The potential of new vaccines, hardier crops, and less expensive smartphones and tablets led Bill and Melinda Gates to make a big bet last year: That the lives of people in poor countries will improve faster in the next 15 years than at any other time in history.

If we are to win that bet, we have to harness the talent and ingenuity found in the private sector. Progress on the ambitious global health and development challenges we have set ourselves will be driven by scientific and technological breakthroughs. And today, many of the most promising advances and innovative solutions are coming from entrepreneurs and companies.

At the Bill & Melinda Gates Foundation, we believe in the power of partnership to help us make good on our vision of a world where every person has the opportunity to lead a healthy, productive life. Our partners include NGOs, academics, governments, and international agencies and institutions. Increasingly, they also include private investors and entrepreneurs who can accelerate transformative solutions that we could neither come up with nor implement with traditional partners alone.

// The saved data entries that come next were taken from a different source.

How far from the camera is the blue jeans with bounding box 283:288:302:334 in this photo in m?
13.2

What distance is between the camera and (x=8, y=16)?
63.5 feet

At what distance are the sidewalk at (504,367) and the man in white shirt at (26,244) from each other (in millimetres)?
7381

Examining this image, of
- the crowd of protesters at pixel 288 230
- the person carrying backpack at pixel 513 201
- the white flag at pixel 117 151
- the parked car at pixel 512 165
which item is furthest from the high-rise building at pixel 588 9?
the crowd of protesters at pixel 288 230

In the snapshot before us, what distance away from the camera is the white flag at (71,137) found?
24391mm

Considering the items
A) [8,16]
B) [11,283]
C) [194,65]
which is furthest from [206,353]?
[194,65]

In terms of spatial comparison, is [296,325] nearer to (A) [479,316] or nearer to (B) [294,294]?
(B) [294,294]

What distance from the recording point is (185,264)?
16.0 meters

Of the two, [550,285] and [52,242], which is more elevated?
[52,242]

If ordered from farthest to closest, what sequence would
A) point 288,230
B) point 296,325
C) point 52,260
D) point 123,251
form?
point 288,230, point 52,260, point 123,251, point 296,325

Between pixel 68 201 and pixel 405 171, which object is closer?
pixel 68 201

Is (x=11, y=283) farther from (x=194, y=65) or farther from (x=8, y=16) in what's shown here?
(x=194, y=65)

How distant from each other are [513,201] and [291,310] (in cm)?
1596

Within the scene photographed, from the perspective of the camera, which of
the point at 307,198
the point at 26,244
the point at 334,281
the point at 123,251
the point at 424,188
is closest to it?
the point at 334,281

Some of the innovations needed are as much financial as technological. Program-related investments (PRIs) can spur entrepreneurs and corporations to pursue new breakthroughs because we are able to reduce their risks and open new markets. They can help to overcome market failures that keep innovative companies from making transformative, low-cost products and services for poor people. They can create incentives for companies to work with us on some of the hardest problems.

(Photograph courtesy of the Bill & Melinda Gates Foundation) 

Our foundation’s PRI team has used loans, equity investments, volume guarantees, and credit enhancements to collaborate with the private sector to achieve our goals. In some cases, we use PRIs to help scale up innovative nonprofit business models that also help make markets work better in low- and middle-income countries.

Sometimes engaging a private-sector partner using a PRI investment mechanism will be a good option to advance our mission. Sometimes it won’t. But we need all the tools at our disposal. And in the coming years, we see unparalleled opportunity to unleash the full potential of human capacity to solve our greatest challenges.

We have learned it takes even more than good ideas, revolutionary technologies, and innovative finance to solve the toughest problems. It also takes impatient optimists dedicated to the belief that all lives have equal value. In short, it takes great people—our ultimate partners in making great things happen in the world.